We have a neighbor down the street who works from home on a normal day and sends her child to a private elementary school here. That school has aligned its decisions with the public school system explicitly to avoid liability. They do not want to hold classes when the state is not and then have to deal with lawsuits if kids get sick.
She has sent us two messages so far asking us if we would babysit her child for several hours (during the middle of the work day) so she could be in meetings. No kidding. The notion of fixing your kid a snack and starting a movie for them in another room is too hard? Or handing your child a book to read and telling them that you are going to be on an important phone call, so please be quiet?
I kind of get it now, though. On normal school days, she’s at home but leaves her kid at the school in after-school programs until 5 pm. That only leaves a couple hours in the evening to have to deal with the kid, which is mostly a meal and a bath. During spring and summer breaks, the kid attends a litany of camps – in perfect succession, so the kid never actually gets a break from being managed by adults. There’s no careless summer vacation for that child of racing bikes and building forts.
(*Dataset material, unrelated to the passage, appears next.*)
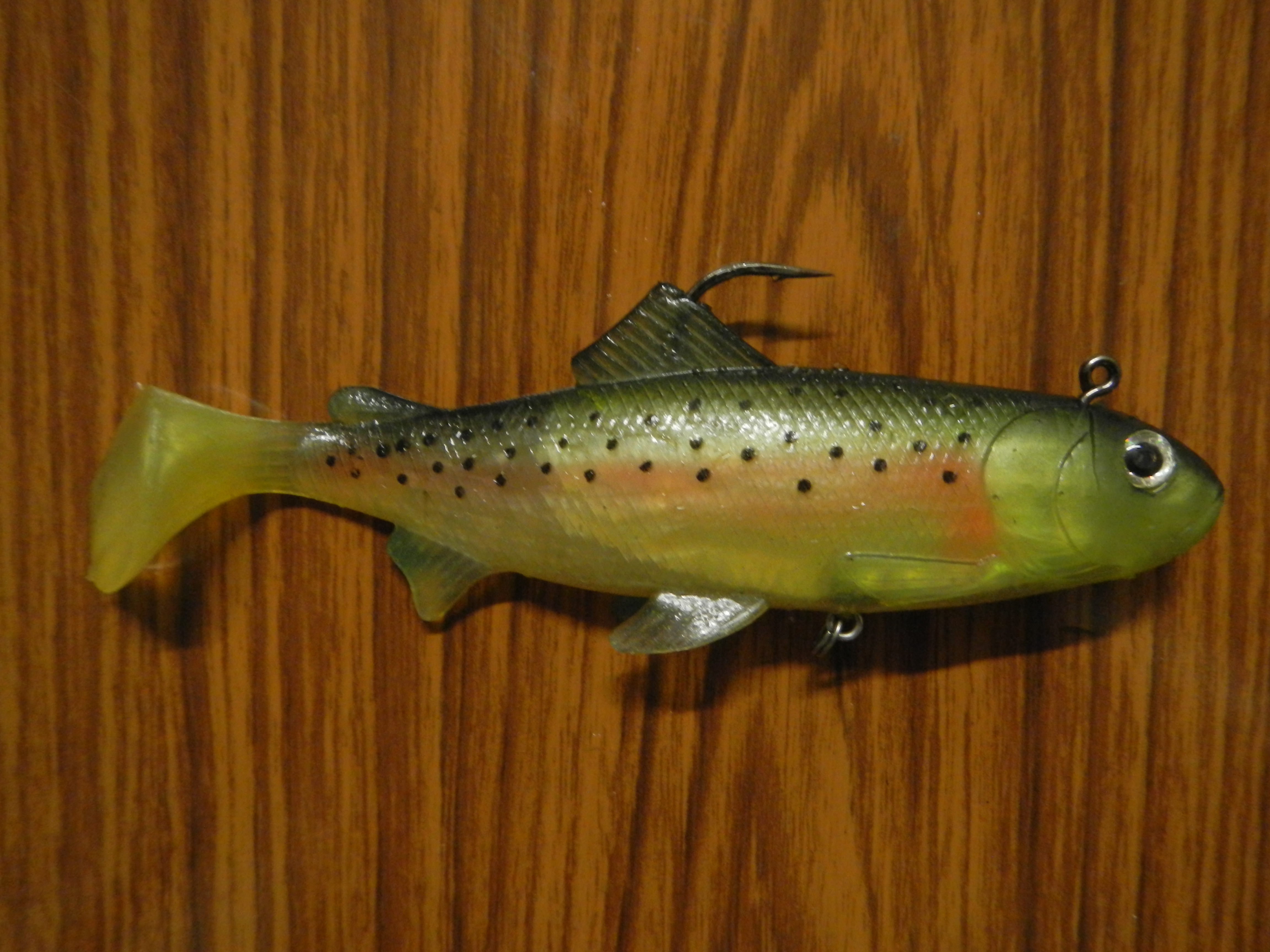 File:Rainbow Trout Swimbait.JPG - Wikipedia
When she’s awake, she waits for someone to tell her what to do and where to be.
This pandemic is quite literally the mother’s first experience of being responsible for her own child for large stretches of time and she’s desperate to find anyone to fill the childcare void that her child’s school served. She’ll even ask neighbors to take a break from earning a living themselves to supervise her child. It doesn’t even occur to her that this might seem insane.
When this pandemic first started, I was skeptical that parents like this existed, but now I understand they do. They are willing to outsource parenthood to any random Joe in their environment. In fact, she thinks that because we have come up with an effective way to homeschool and run our own business simultaneously, throwing her own child into our mix is an elegant solution. Nope.
These are not minor cultural failings. Having parents make it 18 years without assuming any role in their child’s education (and, yes, a child should be getting an education before kindergarten) is a big deal. Having children who need to be professionally managed every moment of the day is a big deal. Even young children should be capable of entertaining themselves and participating in independent activities. And these are really two sides of the same coin. The kids aren’t developing their minds, so they cannot function independently. If your child cannot occupy themselves for a couple hours without misbehaving to get attention, you have a big problem on your hands. And it’s not the kid’s fault. It’s yours. You have neglected a major component of their personal development.
Being a terrible parent is not cute or funny, and you don’t get a mulligan on the responsibilities of raising a child. Being a good parent is also not some impossible task that must be outsourced so you can earn a living. If you can make time to watch seven hours of a gay polygamist meth-head zookeeper on Netflix, you can help your kid with their homework without a bunch of manufactured, self-indulgent drama and martyrdom. And this isn’t just about when your kids are out of school and you’ve lost your taxpayer-funded babysitter.